I have been thinking this morning about how uncomfortable I do feel in parties. Don’t get me wrong here, I am always happy people are celebrating one thing or the other like the birth of a new baby, birthday celebration, marriage ceremony or all but attending a party is always like a big problem to me.
Here is the thing, I can get an invitation card for an event two or three months to the event and then daily reminder in form of text, call or whatsapp message. Once, the day start get closer, I start getting nervous and then looking for ways not to attend such. Unfortunately, my health or mind seems to agree with that I shouldn’t be at the gathering. On or before the D-day, I get sick and not attend the event. I really don’t like getting sick with something because not only will I be in pain but I will also not be able to do anything. This thing happens a lot of time and I really want to get over it.
As someone who has a lot friends and family celebrating their birthdays on the month of May, this means I get to fall sick times without number and I did. I just can bring myself to attend a gathering.

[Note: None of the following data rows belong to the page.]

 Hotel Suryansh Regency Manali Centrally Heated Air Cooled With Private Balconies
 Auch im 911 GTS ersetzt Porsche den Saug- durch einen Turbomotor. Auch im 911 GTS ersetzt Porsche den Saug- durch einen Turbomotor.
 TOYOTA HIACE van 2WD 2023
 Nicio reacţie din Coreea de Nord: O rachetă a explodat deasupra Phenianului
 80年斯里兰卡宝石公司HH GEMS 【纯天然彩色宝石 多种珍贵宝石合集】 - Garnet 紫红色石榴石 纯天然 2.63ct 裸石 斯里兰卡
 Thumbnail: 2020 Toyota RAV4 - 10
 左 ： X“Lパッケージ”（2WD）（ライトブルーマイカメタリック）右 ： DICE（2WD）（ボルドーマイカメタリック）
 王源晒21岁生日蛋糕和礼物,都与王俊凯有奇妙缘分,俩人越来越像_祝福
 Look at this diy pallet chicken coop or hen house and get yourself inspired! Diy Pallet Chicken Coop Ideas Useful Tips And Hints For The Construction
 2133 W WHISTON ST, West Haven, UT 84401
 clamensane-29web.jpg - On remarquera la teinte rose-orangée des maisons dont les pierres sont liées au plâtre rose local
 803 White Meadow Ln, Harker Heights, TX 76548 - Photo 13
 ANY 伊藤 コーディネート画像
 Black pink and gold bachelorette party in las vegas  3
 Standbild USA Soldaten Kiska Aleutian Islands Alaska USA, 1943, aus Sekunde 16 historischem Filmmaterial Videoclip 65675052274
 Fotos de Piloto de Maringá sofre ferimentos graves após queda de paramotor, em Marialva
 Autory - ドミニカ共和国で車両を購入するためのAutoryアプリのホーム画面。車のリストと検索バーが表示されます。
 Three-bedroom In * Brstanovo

I will be so uncomfortable that I get to be on my phone all day if I actually do attend and this makes people think otherwise and instead of hurting people’s feelings, I just stay home and nurse a day sickness.
I decided to share my thoughts and what’s really going on in my head online (Main reason behind this blog) since I can’t bring myself to tell people.
Today, a family friend’s daughter is celebrating her birthday and I do wish to attend but I can’t.
HAPPY BIRTHDAY TO:
GBEMI, AYO, TOSIN, BLESSING, ANNA, TOLU, DARA, NAOMI, J, IYANU AND GBEMI A.
Aside sending a birthday message, how can I (an introverted person) wish someone a happy birthday without being there physically?